Talisman, the No. 3 Canadian independent company, is also present in Malaysia, Indonesia and Australia.
“We are trying to grow here. North America and the North Sea are very mature and competitive regions. Asia is less explored,” Buckee said.
Talisman, which has gas developments in Malaysia and Indonesia, is also turning to deepwater exploration, the buzzword at this year’s AOGC in Malaysia, where three major fields are slated for development in the next five years.
U.S. independent Murphy Oil Corp. (MUR.N) will bring Malaysia’s first deepwater development on stream by August or September this year, with production to peak at 125,000 bpd.
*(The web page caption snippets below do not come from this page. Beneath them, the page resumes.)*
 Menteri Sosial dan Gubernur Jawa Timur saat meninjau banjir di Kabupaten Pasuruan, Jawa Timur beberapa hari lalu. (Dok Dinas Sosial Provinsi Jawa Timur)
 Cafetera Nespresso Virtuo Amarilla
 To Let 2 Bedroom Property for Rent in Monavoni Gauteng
Shell’s (RDSa.L) Gumusut field could produce up to 150,000 bpd by 2012.
Buckee said Talisman had failed so far in its efforts to acquire interests in deepwater blocks in Malaysia, although it has secured acreage in Indonesia.
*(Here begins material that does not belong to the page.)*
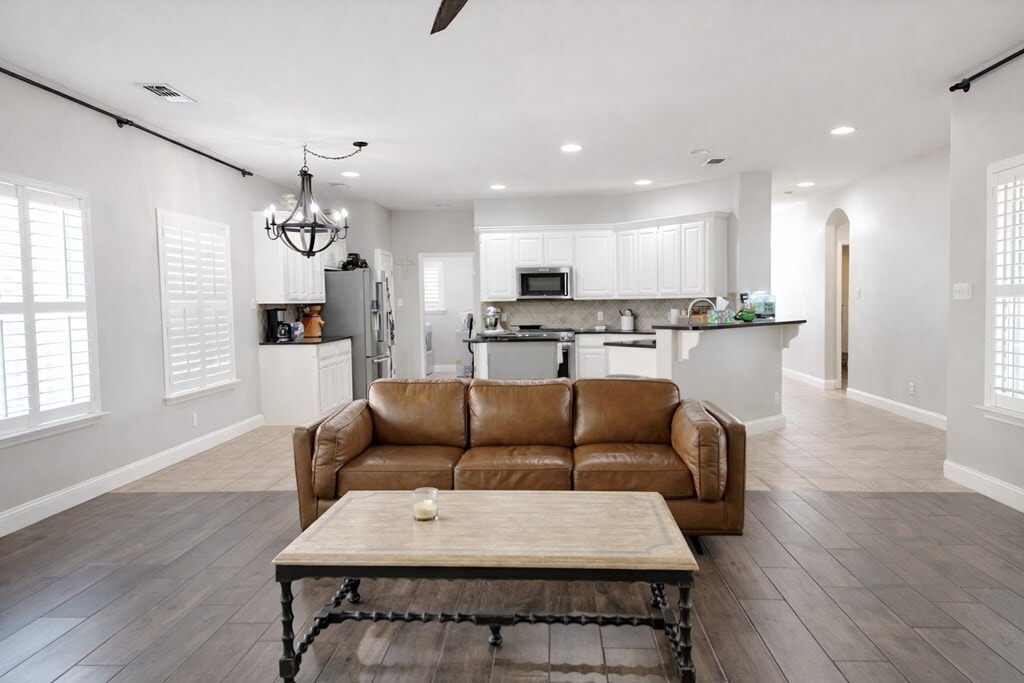 Building Photo - 2917 Dustin Dr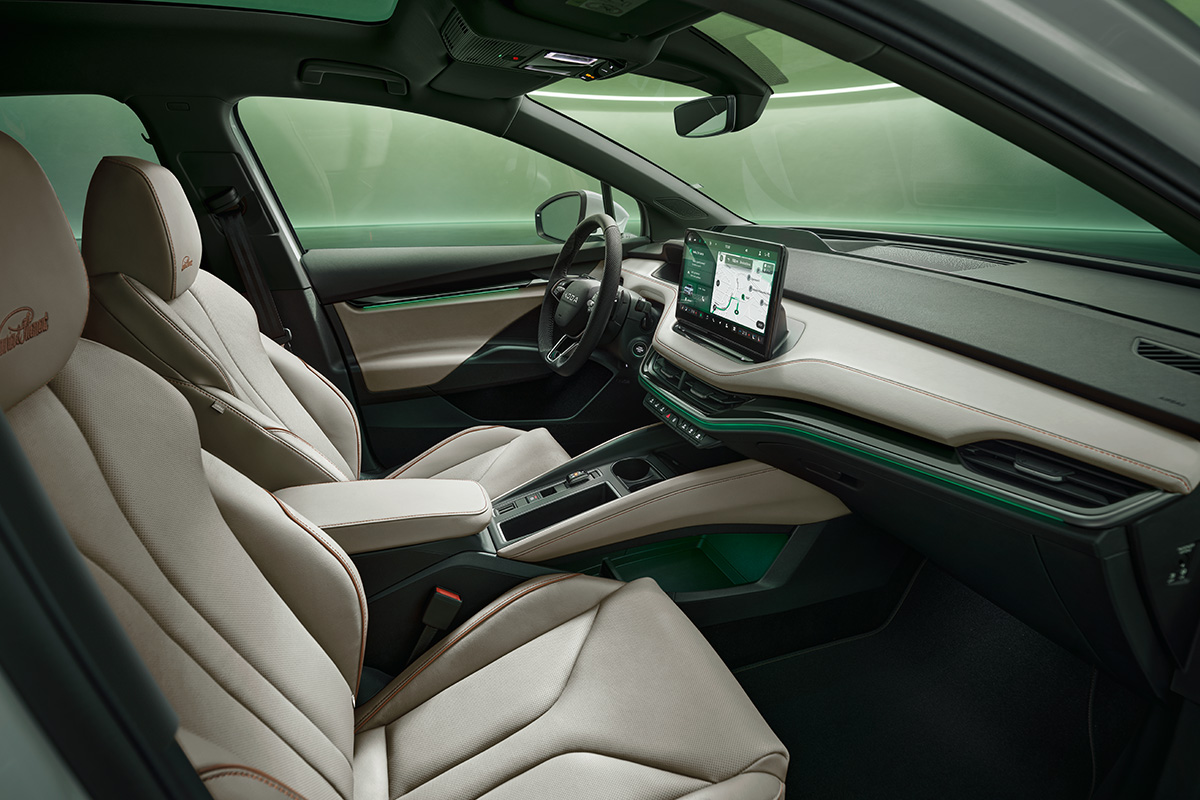 Skoda Enyaq sitze vorne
Talisman is also looking at taking over declining oilfields in Asia.
“We have demonstrated in the North Sea that we are very able to slow the decline and increase production in fields that used to be in the hands of the majors,” Buckee said.
Talisman bought last year the Auk and Fulmar fields from Shell and Exxon Mobil Corp (XOM.N). Many oil majors are selling older, declining fields to independent companies in the North Sea as the fields are too small for their global portfolio.
Talisman also has a stake in Norway’s Yme field, which was shut down in 2001 when oil prices were low. With higher prices, the field is being revived and is expected to resume production in 2009 at a maximum rate of 40,000 bpd.
Experts estimate oilfields worldwide decline at an average 7-8 percent rate per year and small, independent companies, have made their business to enhance recovery on these fields.
“Governments should make sure that the assets get in the right hands. It is time for companies like Exxon to move over and time for independents to exploit these fields,” he added.
Buckee said that Talisman has told government regulators that the company would like to inherit declining fields.
Talisman expects an average output of 485,000 bpd this year.